1 1/3 cup pitted dates
2/3 cup melted coconut oil or butter
2 Tbsp ground flax seeds
2 cups mashed pumpkin
4 Tbsp whole yogurt (or orange juice)
4 Tbsp coconut flakes (optional)
1 tsp grated fresh ginger (optional)
2 cups flour (I used 1 cup quinoa and 1 cup coconut flour)
1 tsp cinnamon
½ tsp sea salt
1 tsp baking soda
½ tsp no-aluminum baking powder
Dark chocolate chips
This recipe has no refined sugar, no refined flour, it is gluten-free and good for you! You can cook the pumpkin in advance. Cut it in half, scoop out the seeds, slice it, and then steam it or poach it in a little water for about half-an-hour. When it is cooled down, remove the peel and mash the meat in a food processor. Divide it in portions and refrigerate or freeze them until ready to use.

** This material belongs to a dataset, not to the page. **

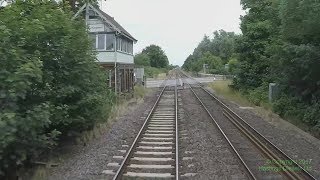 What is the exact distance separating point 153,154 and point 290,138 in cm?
594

Put all of the ingredients from Mix 1 in a food processor and mix well. Mix the ingredients in Mix 2 and then add Mix 1 to it. Add more liquid if necessary (such as orange juice or milk) to make the mixture moist enough. At the end fold in the chocolate chips and pour the mixture in a regular size muffin pan. Makes about 18 gorgeous muffins. Bake at 350 F until an inserted toothpick comes out clean (check after 20 minutes and go from there). Enjoy!